GIVEN RECORDS =>
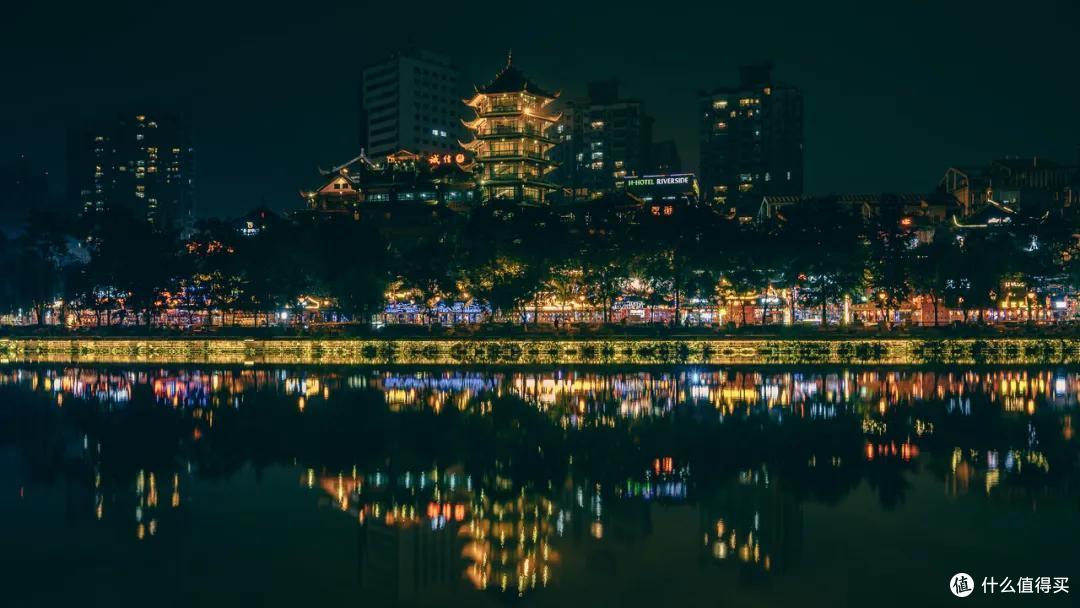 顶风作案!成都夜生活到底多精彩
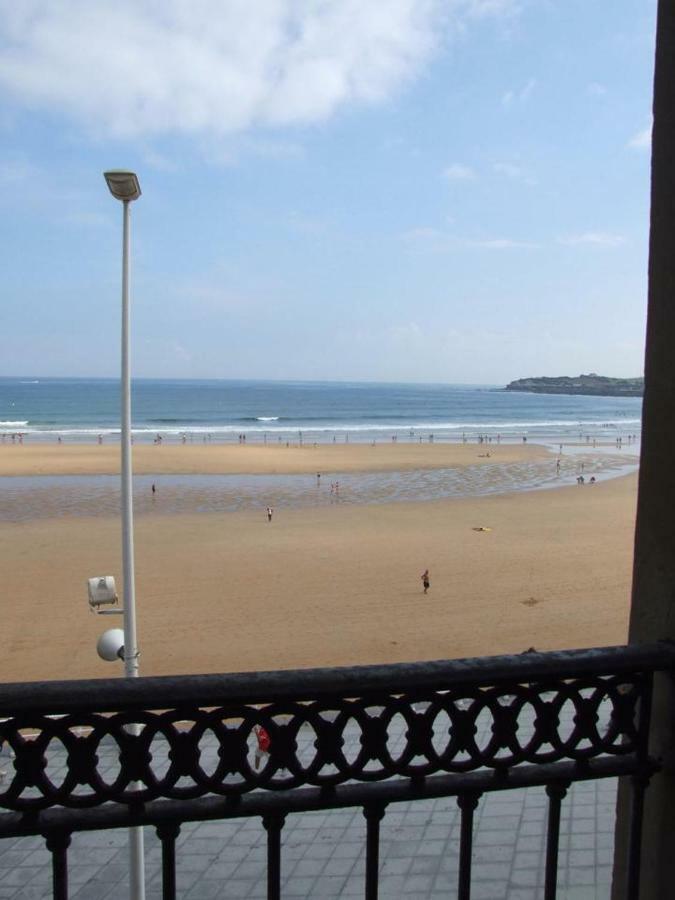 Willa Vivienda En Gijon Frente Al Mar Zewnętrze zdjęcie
* * *
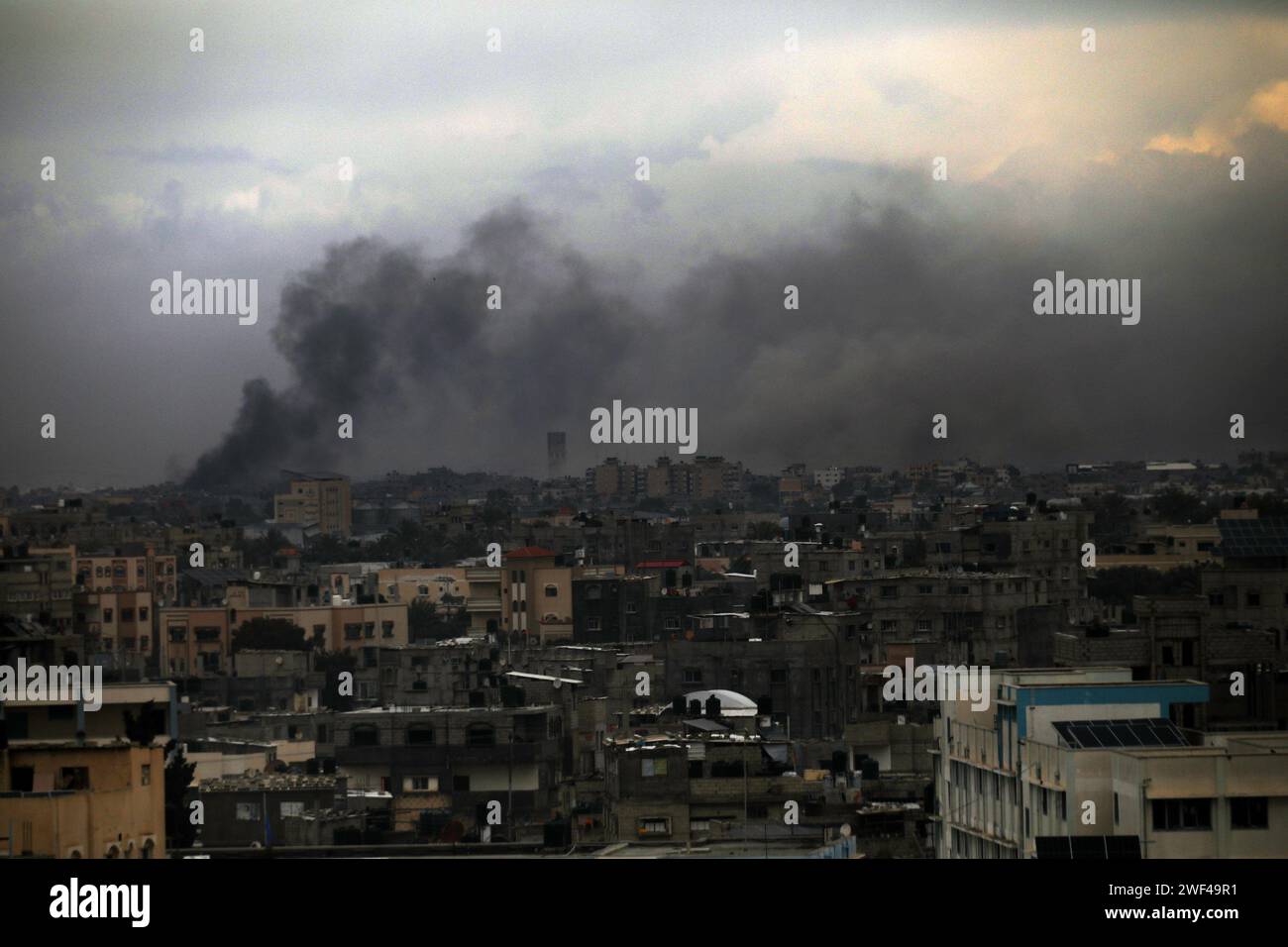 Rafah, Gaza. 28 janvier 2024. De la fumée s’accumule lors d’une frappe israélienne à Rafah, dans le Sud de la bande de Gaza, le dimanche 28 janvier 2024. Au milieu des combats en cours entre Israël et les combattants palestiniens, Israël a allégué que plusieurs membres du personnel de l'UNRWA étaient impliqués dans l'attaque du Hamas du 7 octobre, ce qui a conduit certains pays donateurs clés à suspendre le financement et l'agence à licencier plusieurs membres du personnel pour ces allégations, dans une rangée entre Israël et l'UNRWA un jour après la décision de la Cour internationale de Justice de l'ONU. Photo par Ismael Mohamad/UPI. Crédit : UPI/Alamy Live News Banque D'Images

INSTRUCTIONS FOR THE TASK =>
Pictures in the entries do not go into the copy. Print only the lines starting at the one containing "顶风作案!成都夜生活到底多精彩" and ending at the one containing "Willa Vivienda En", exactly as they appear.

TASK ANSWER =>
 顶风作案!成都夜生活到底多精彩
 Willa Vivienda En Gijon Frente Al Mar Zewnętrze zdjęcie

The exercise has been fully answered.